In some situations both parties may be disclosing confidential information. These types of confidentiality agreements (also known as 'two-way' or mutual confidentiality agreements) are unusual in a M&A transaction except where there will be a continuing relationship between the discloser and the bidder (for example, where the sale is for part of an asset which will continue to be owned by the discloser or where the discloser provides vendor finance). Whatever the purpose, mutual disclosure obligations may provide the bidder with comfort that the provisions of the confidentiality agreement are not one sided.

For sales of joint venture interests, a discloser should confirm what type of confidentiality agreement is actually required under the joint venture agreement. Some joint venture agreements only require a bidder to sign a confidentiality deed poll in favour of the other participants. Limiting confidential documents to a deed poll will accelerate finalisation of that document (and therefore the transaction) and would also be beneficial for bidders who may be sensitive about disclosing their identity to other participants.

What happens when a bidder does not comply?

Where a confidentiality agreement has been properly executed, an unauthorised disclosure of confidential information by the recipient would constitute a breach of contract. In many cases the document itself will set out a dispute resolution mechanism. In the absence of this type of clause, the usual breach of contract remedies are available to the discloser, which may include seeking an injunction to prevent any threatened disclosure.

As well as a claim in contract, it might also be possible for the discloser to claim against a bidder in equity for a breach of a duty of confidence. Successfully arguing this position would mean that the discloser would have access to a range of additional equitable remedies which would not be available for the common law breach of contract claim. Notably this would include an account of any profits that had been generated from the breach.
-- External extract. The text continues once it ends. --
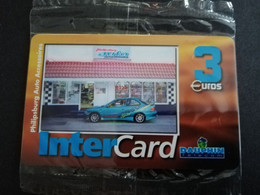 ST MARTIN  INTERCARD  PHILIPSBURG AUTO ACCESSOIRES       3 EURO /   INTER 112 / MINT CARD    ** 9243 ** - Antillas (Francesas)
It is clear from recent case law that this claim is not available in situations where there is a written confidentiality agreement, especially where that document includes an 'entire agreement' clause. It is important to keep this in mind when negotiating a confidentiality agreement – for the discloser to negotiate out of the document and the bidder to negotiate its inclusion.

What happens when a bidder's representative does not comply?
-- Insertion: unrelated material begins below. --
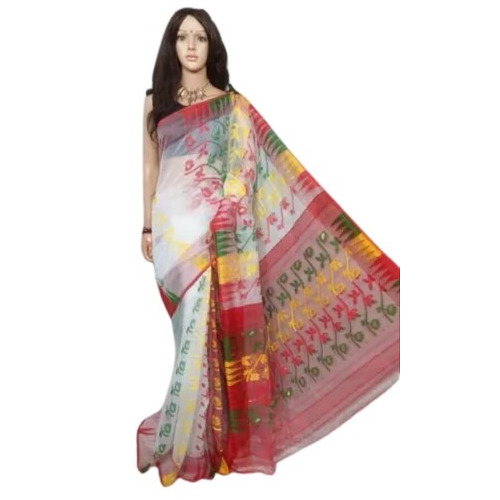 Cotton Silk Soft Dhakai Jamdani Handloom Designer Saree - Lightweight, Colorfast Fabric for Comfortable Wear | Trendy Designs for All Seasons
It is standard for a confidentiality agreement to extend to a bidder and its directors, officers, employees, agents and advisors (Representatives) who need to access various types of information in the process of negotiating a potential M&A transaction. A discloser should ensure that the bidder is responsible under the terms of the confidentiality agreement for any breach by those Representatives. In that way, the same remedies will be available to a discloser who suffers damage as a result of a Representative not complying with the confidentiality agreement.
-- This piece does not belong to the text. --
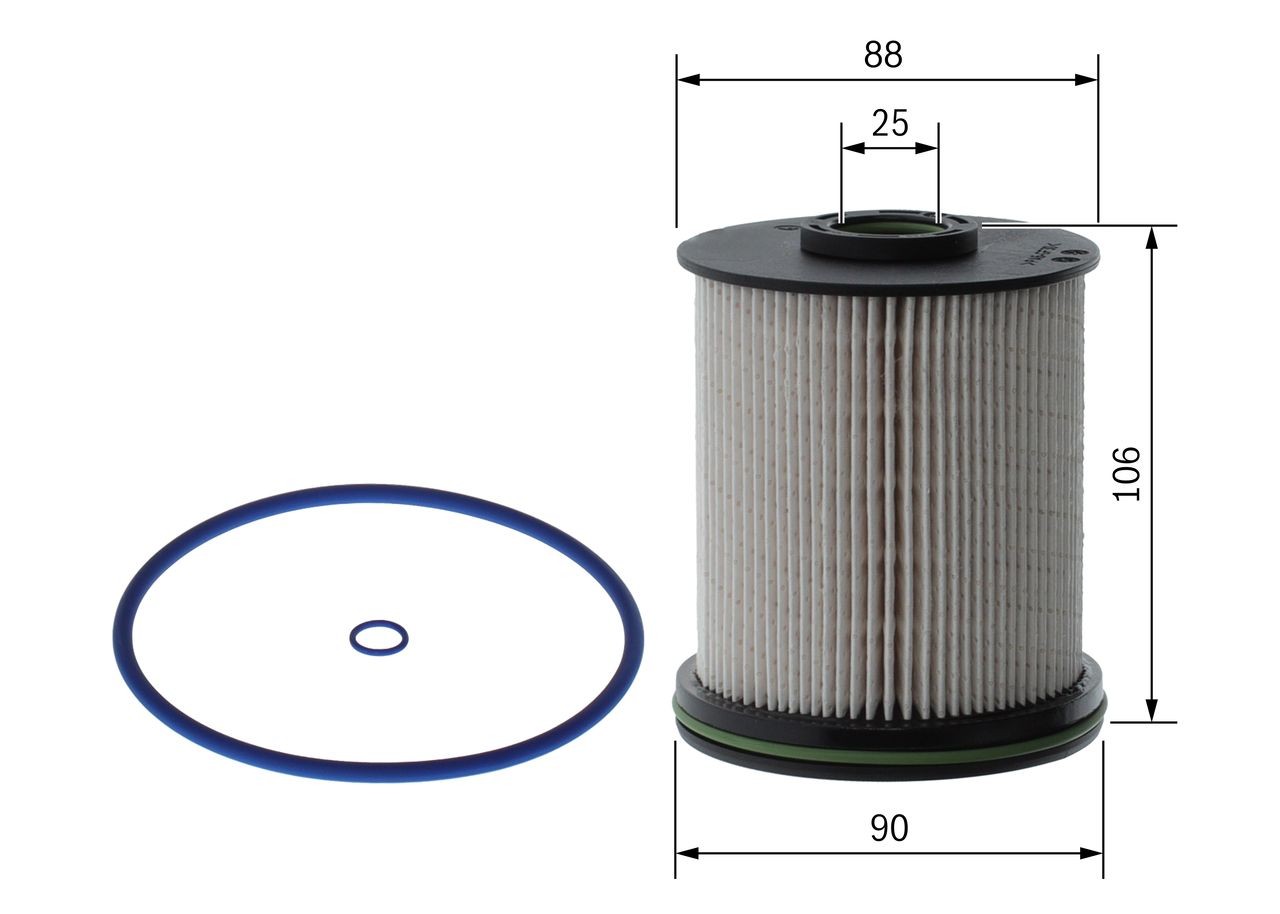 F026402795 Inline fuel filter BOSCH F 026 402 795 review and test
A bidder should seek to protect itself by:

  • limiting the wording so that it provides 'reasonable endeavours' to ensure that its Representatives do not breach the confidentiality agreement, and
  • limiting the application of some of the clauses of the confidentiality agreement from applying to its Representatives (such as standstill provisions or non-solicit provisions) or wholly in circumstances where the Representative is also a party to the transaction.

While remedies are available to a discloser where a bidder or its Representative has breached the terms of the confidentiality agreement, a discloser would need to weigh the financial pros and cons before taking action given the high burden of proof to demonstrate that the relevant damage was caused by the breach.

Final thoughts

Negotiations of confidentiality agreements can really set the tone of the forthcoming M&A transaction. It is important for parties to take a few extra moments to consider confidentiality agreements for the reasons set out in this article, including to get bidders through the door.

The content of this article is intended to provide a general guide to the subject matter. Specialist advice should be sought about your specific circumstances.